A strange 'shape' is currently evolving before astronomers' eyes on Saturn's moon Titan.
Three images taken several years apart by the Cassini space probe show the shape arise from one of Titan's hydrocarbon seas, grow to an enormous size and then disappear.
The feature is said to cover an area about 100 square miles in size in the sea known as Ligeia Mare.
The object appears to be bright in photographs against the dark of the hydrocarbon lake, but scientists have no obvious answer for what it is.
Our own suggestion - that it is the remains of a gigantic alien mega squid rising from the depths of Titan's oceans to the surface - remain unexplored.
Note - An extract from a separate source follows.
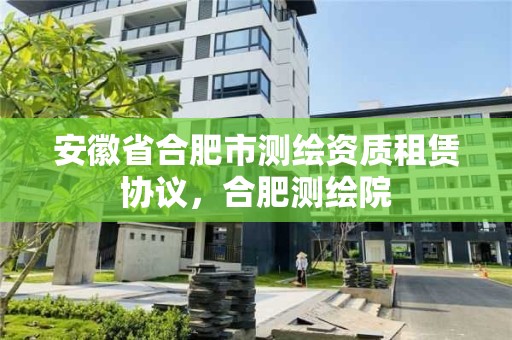 安徽省合肥市測繪資質(zhì)租賃協(xié)議，合肥測繪院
The Cassini team explains that it first saw the object on July 2013 when the space craft flew over Titan and pointed its Synthetic Aperture Radar at the moon, but that it had vanished when examined with low-res radar and infrared cameras.
But recently, during an August 21 flyby, the feature was back - though changed from its appearance 11-months previously.
The scientists on the Cassini team say the feature is not a result of flaws in their data, and do not think it is caused by the sea evaporating and revealing new land.
So far they think it might be "surface waves, rising bubbles, floating solids, solids suspended just below the surface, or perhaps something more exotic" according to Phys.org.
"Science loves a mystery, and with this enigmatic feature, we have a thrilling example of ongoing change on Titan," said Stephen Wall, the deputy team lead of Cassini's radar team, based at NASA's Jet Propulsion Laboratory in Pasadena, California. "We're hopeful that we'll be able to continue watching the changes unfold and gain insights about what's going on in that alien sea."